Page 64 of Secrets & Sake

“Way to put that on me!” I throw up my arms and pace. Shakes rack my body. There’s no time to panic. I’ve got a werewolf to save. Shoving my panic aside, I race into the bathroom and tear the room apart until I find what I need. Bandages. Antiseptic. Pliers. Fuck me, man…

There’s a crash. In the living room, Raiden has fallen face down. My legs turn to jelly, and I collapse at his side and roll him over. “Raiden? Raiden! Don’t you dare fucking die on me! I’m not going to therapy because of you! You hear? Wake up!” Tears sting my eyes. I slap him. Hard.

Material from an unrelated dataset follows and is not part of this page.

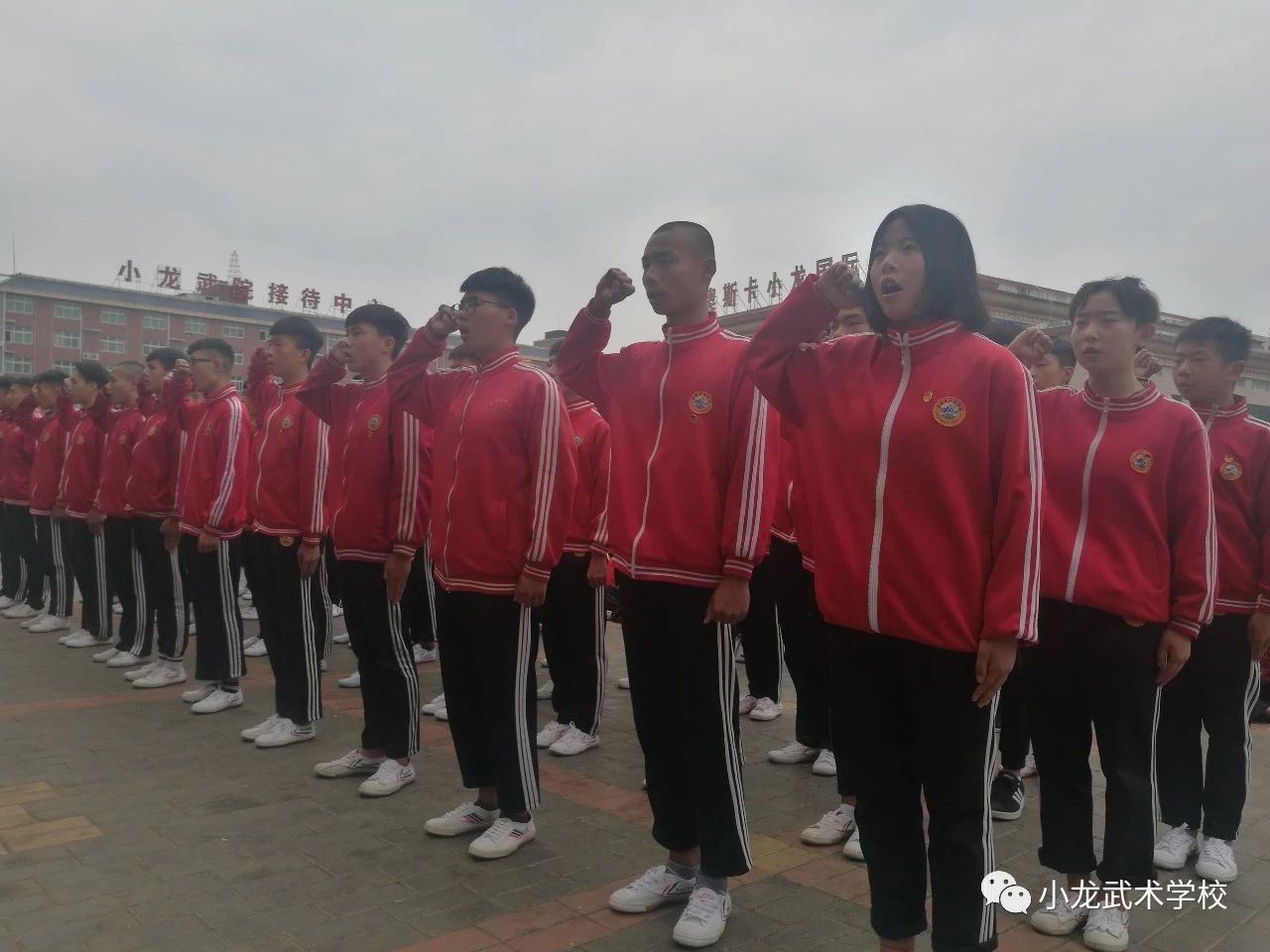 小龙武校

He jolts, snarling up at me, but it lacks glowing eyes and fangs.

I’m not a doctor. I have no idea what I’m doing. I hope his healing will make up for any mistakes I make.

I pull on some gloves and rest my fingers near the angry wound oozing red and something nasty and inky-black. Raiden’s chest rises fast. I grab his hand and squeeze. “This is gonna hurt.”

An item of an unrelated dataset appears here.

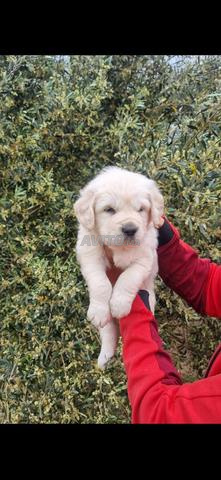 Golden Retriever à réserver - 2
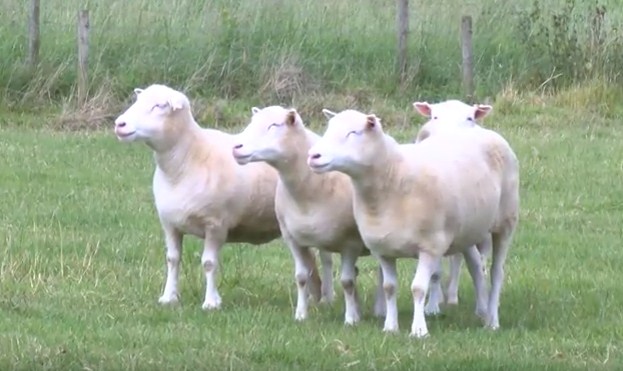 Clones de Dolly envejecieron en buena salud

“S’okay,” he croaks. “I don’t mind if it’s you.”

My heart squeezes. “Do you trust me?”

He holds my gaze, eyes bright with pain and fear. Raiden nods. “Y-yeah. I do.”

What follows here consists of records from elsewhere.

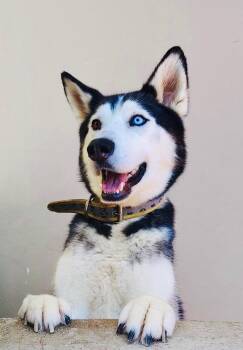 Rescue Husky Dogs for Adoption in Rowland Heights, California - CASPER | PetCurious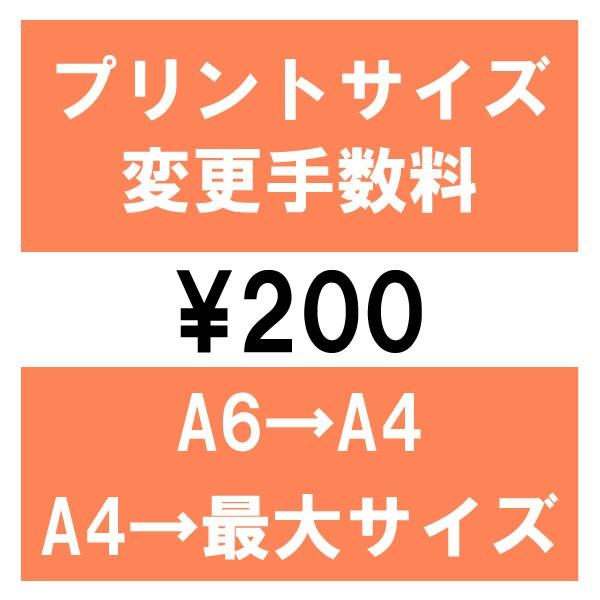 【変更手数料】Tシャツ作成　A6→A4・A4→最大サイズ変更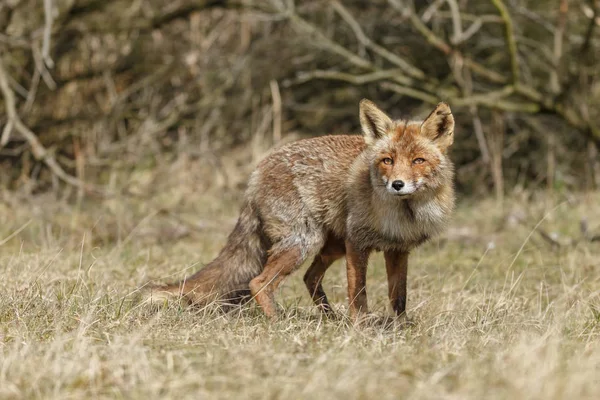 Zorro rojo en la naturaleza — Foto de Stock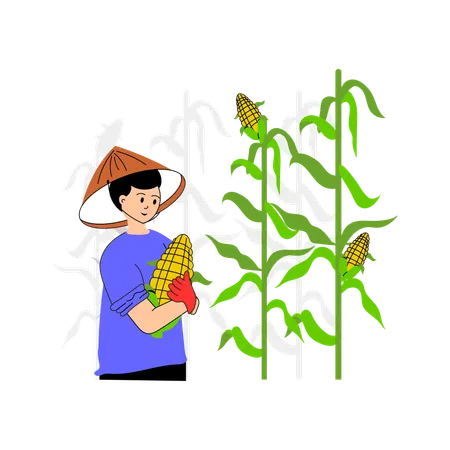 Farmer gathering corn cobs from the stalks  Illustration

I kiss his cold fingers and swallow the lump in my throat. “Remember that before you take my head off, okay?”

Here goes nothing…

Chapter 18

Itrust Hiro.

Even as excruciating pain tears through me and I writhe and claw at the ground with blunt nails, and I grab the back of his jacket and clutch on for dear life. Tears burn my eyes, and I gnash my teeth against the agony.

“I know. I know. I’m so sorry,” Hiro says again and again as he hurts me.

I wish I could tell him it’s okay, but the pain whites everything out.

I can count the people I trust on one hand. People I’ve known all my life who earned their spot there. I’ve known Hiro for such a short time, but I trust him completely.

My life’s in his hands, and I’m fine with that. I mean, if I died, I’d feel bad traumatizing him like that, but I have hope that I’ll make it out the other side of this. If I have to die, it’s okay, as long as I’m with him. I’m where I’m meant to be.

With my mate. Hiro’s my mate.

Why is it only now I’m admitting it to myself?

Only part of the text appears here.